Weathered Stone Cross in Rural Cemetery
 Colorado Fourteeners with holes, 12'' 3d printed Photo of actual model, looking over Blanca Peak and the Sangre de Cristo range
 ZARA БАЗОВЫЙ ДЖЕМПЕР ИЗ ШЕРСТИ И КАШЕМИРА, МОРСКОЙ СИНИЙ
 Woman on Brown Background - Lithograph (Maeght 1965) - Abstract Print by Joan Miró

EXERCISE PROMPT: Each line of the listing should be copied exactly, with none left out.

ANSWER SPACE:
Weathered Stone Cross in Rural Cemetery
 Colorado Fourteeners with holes, 12'' 3d printed Photo of actual model, looking over Blanca Peak and the Sangre de Cristo range
 ZARA БАЗОВЫЙ ДЖЕМПЕР ИЗ ШЕРСТИ И КАШЕМИРА, МОРСКОЙ СИНИЙ
 Woman on Brown Background - Lithograph (Maeght 1965) - Abstract Print by Joan Miró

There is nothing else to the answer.